I’ll explain. Take for example Wal-mart. Some would argue Wal-mart’s brand is Americana, the most basic--some would say lowest--common denominator that is average or small town America. You have a 70s happy face as an emblem, a star in the logo, a simple name and an image in commercials of low priced items served up to you by your helpful and energetic neighbors (and their elderly parents). It's a comfortable and accommodating picture, and speaks to basic, sun-lit values of a mythological America.

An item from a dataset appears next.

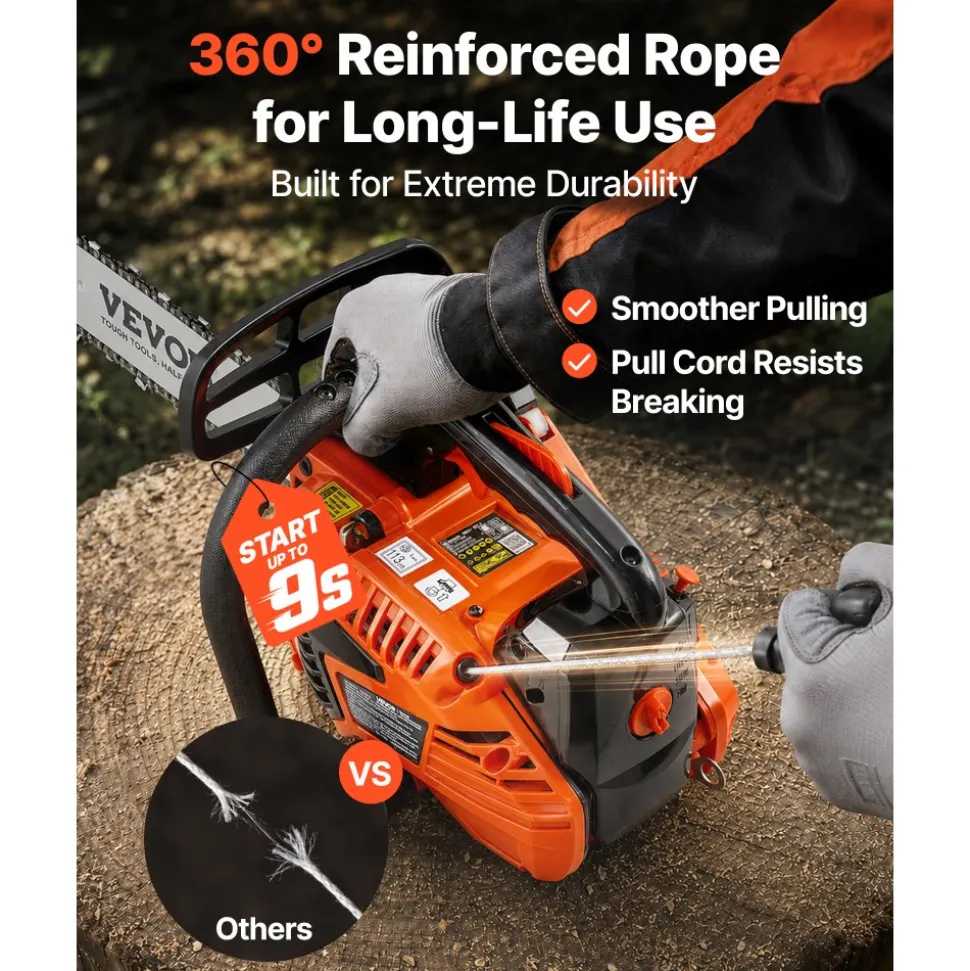 VEVOR Gas Powered Chainsaw 12 Inch 25.4CC 1HP 2 Stroke Engine Gas Chainsaw, for Wood Cutting, Tree Trimming & Land Clearing, Throttle-Synced Choke, Power Chain Saw with Non-Slip Handle & Dual Tanks
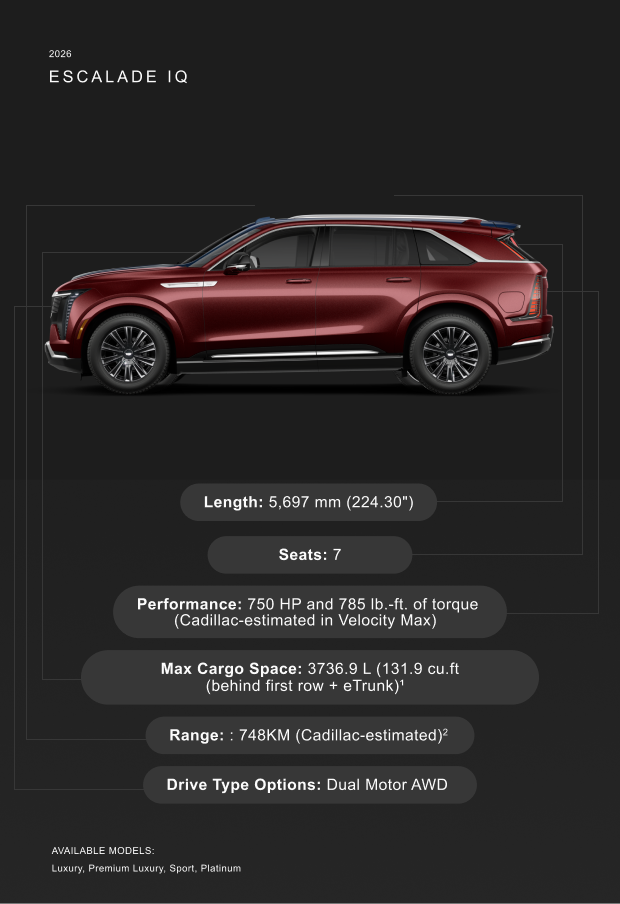 Side view of the 2026 Cadillac Escalade IQ electric SUV.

So then, what is Wal-mart's strategy? Easy: Sell sell sell! Of the three basic choices any company has in competing, price, product/process innovation and market focus, Wal-mart has chosen price with an unprecedented vigor. How does Wal-mart keep its prices so low? The secret is an inventory management system called “cross-docking” by which packages go from supplier to a Wal-mart truck in around 45 minutes. Compare this to several days for its competition. Starting with this single core metric, everything else in Wal-mart’s business plan is defined. Wal-mart reports sales daily and trains its local managers to gauge demand at their stores so the right products will come at the right time and not sit on the shelves. Wal-mart’s business model thus functions like a high-test muscle car against its family sedan competition.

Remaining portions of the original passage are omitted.